Sailing between the atolls also represents a challenge. Even though it is “open sea”, there are still a number of reefs just under the surface. Most of them are charted, but not all. You need to keep an open eye when sailing.
A week before we sailed from Nuku Hiva we got word that a boat we know quite well, Sewing, was lost on a reef here in the Tuamutos. We first met Sewing in the San Blas islands near Panama and later here in the Marquesas. Hugo (Swiss), Sophie (Cape Verde) and their four-year-old daughter (the most adorable little girl we’ve seen in long, long time) and their new born four month old son were aboard. Their boat hit a reef and thankfully, they were all saved, but they lost everything they had. They only got off with their passports and wallets and the clothes they were wearing.

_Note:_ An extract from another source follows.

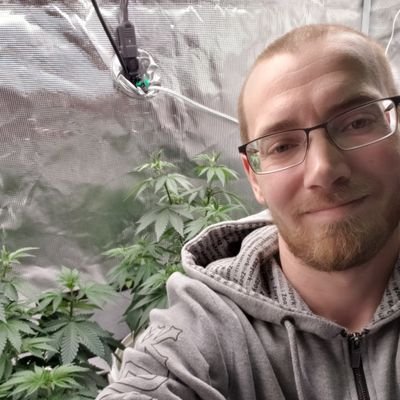 Home grower of Cannabis High quality Indica Mars Hydro 2'x4'x6' Mars Hydro TSL-2000 Vivosun 6in 440 CFM Duct fan Vivosun 6in Carbon filter GreenPlanet nutrients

Vinni and I started a collection for them amongst the cruisers. We didn’t collect a lot of money, only a few hundred dollars, but even a little is a lot in their situation. Apparently, Sophie and the children were asleep; Hugo had set the windvane and had the watch. He fell asleep, the wind changed direction and when that happened the windvane, of course, changed the boats course and it sailed directly up on the reef.

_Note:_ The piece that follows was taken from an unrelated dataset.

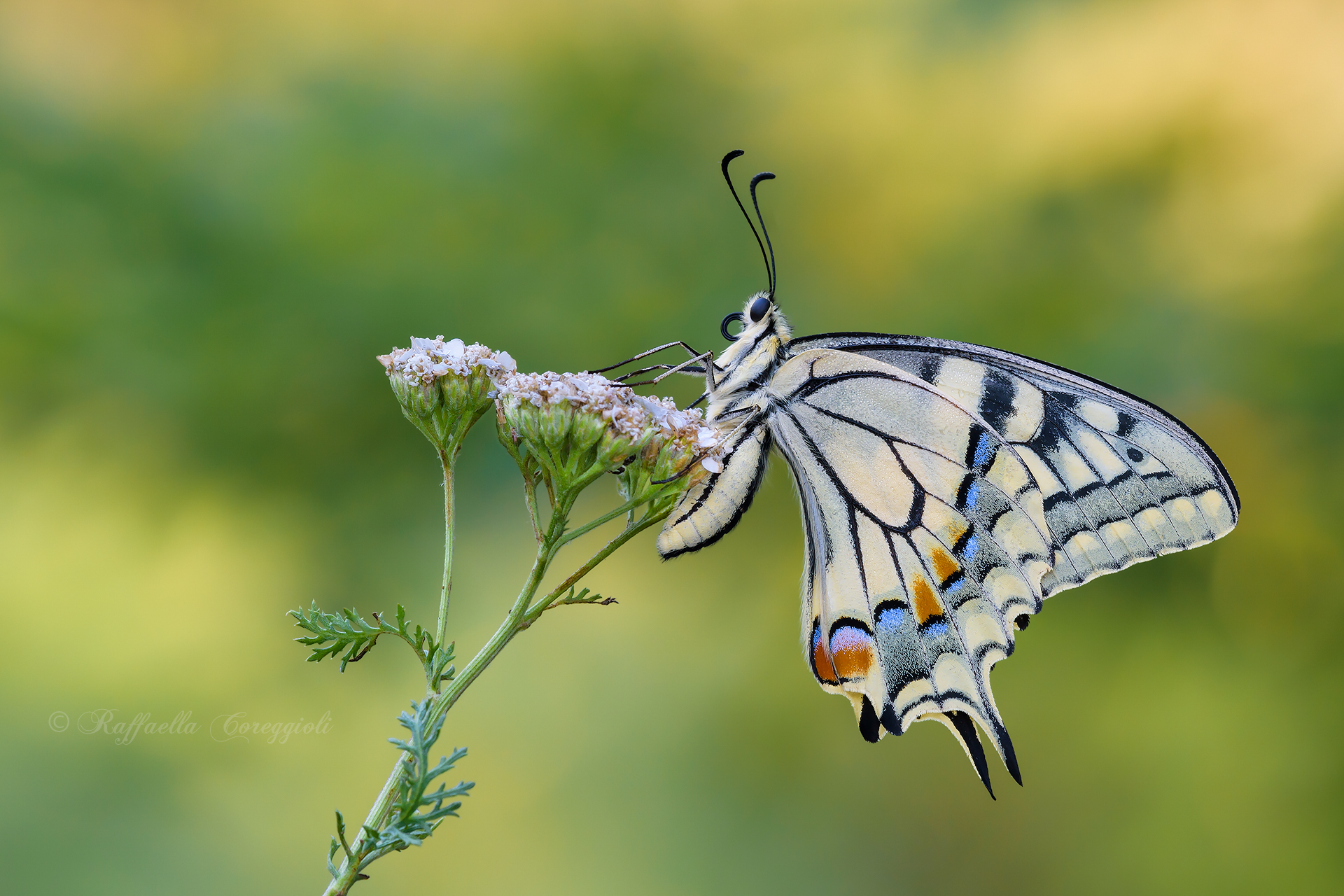 Ospite dell'Achillea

As we get closer to Fakarava, doubt makes its unwelcome appearance. We need to reach the pass at slack water, meaning just as the tide changes. At slack water, there should be no current or maelstroms in the pass. If we miss it, there can be up to six knots in the pass. Our calculations say slack water is at 2 p.m. We are just far enough away that we probably won’t make it in time. If we miss it, we either have to run the pass with up to six knots (not something we do lightly or willingly) or sail around outside the pass for six hours waiting to the next slack water. But, six hours later it will be dark.

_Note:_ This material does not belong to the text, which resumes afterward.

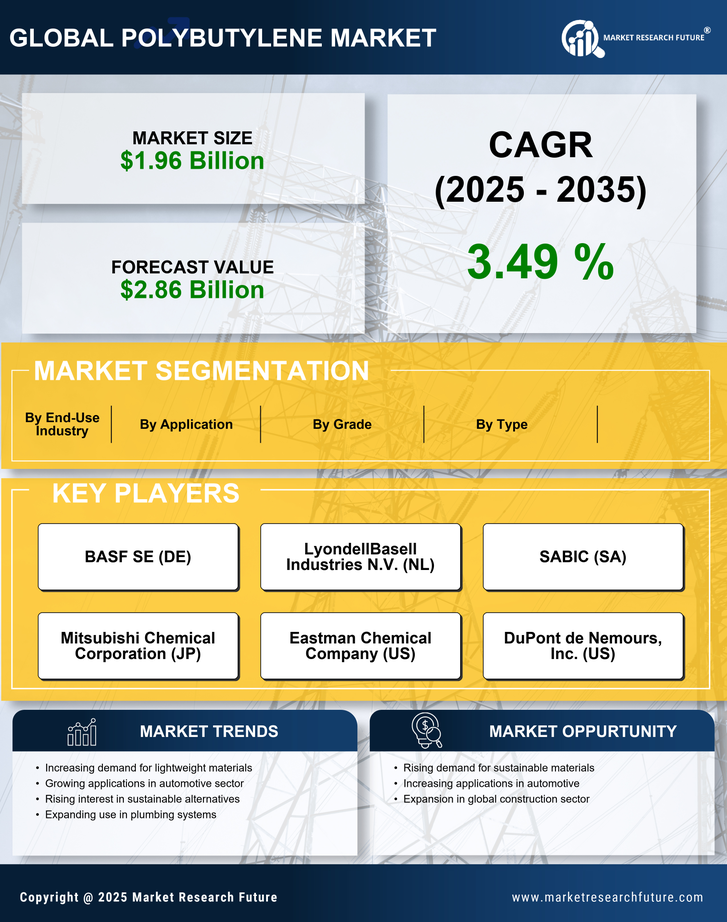 Polybutylene Market Research Report - Forecast to 2035 Infographic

Not many good options and we decide to call Bliss and see what they are thinking. They are going to a smaller atoll that we can reach at slack water. I ask when that is and they say 11:52. That certainly is an exact figure and we sail after Bliss for Kauenhi.
We reach the pass just before 11:30 and Bliss sails in close to inspect the pass. They decide to go for it and after they get through, they call us and say it looked like three and a half knots outgoing current. Capri engine can manage three and a half knots current but she will need all the hay we can feed her.
I turn Capris bows towards the pass and give her some gas. Things are going just fine up to now. Both to port and starboard we can see maelstroms and there is no way we are going to avoid them all. Capri is thrown from side to side and I give her more gas. Now we are only moving forward at 2.5 knots, despite the engine revving at 2500. Our speed drops slowly as we get further into the pass and as it dips below 2 knots, I rev the engine up to maximum – 3000 revs. She doesn’t have any more power in her and this will have to suffice or we will be a huge bucket of shit. We move steadily forward and fortunately, the pass isn’t that long.
The overheating alarm on the engine goes off and screams at us. We need to drop the revs and soon if we want to avoid burning the engine out. However, lowering the revs here means we won’t have enough power to force the rest of the pass and that is an even deeper bucket of shit (read: get tossed onto the reef). We grit our teeth and a minute later the current begins to drop and we pick up speed. I immediately lower the revs and a minute later the alarms shuts down.
We’re through and now we will sail the six nm across the lagoon to the small village there. The population of Kauenhi is between 200 and 300. Once there were 53 pearl farms here, then four and now we are told that there is only one. All due to taxes imposed by Tahiti according to the locals. That sounds strange, you’d think there was plenty of demand for pearls out in the world, but perhaps they have gotten competition from Malaysia or China or someplace else. So, we won’t be able to visit a pearl farm here – but there are more pearl farms on Fakarava and we will visit some there.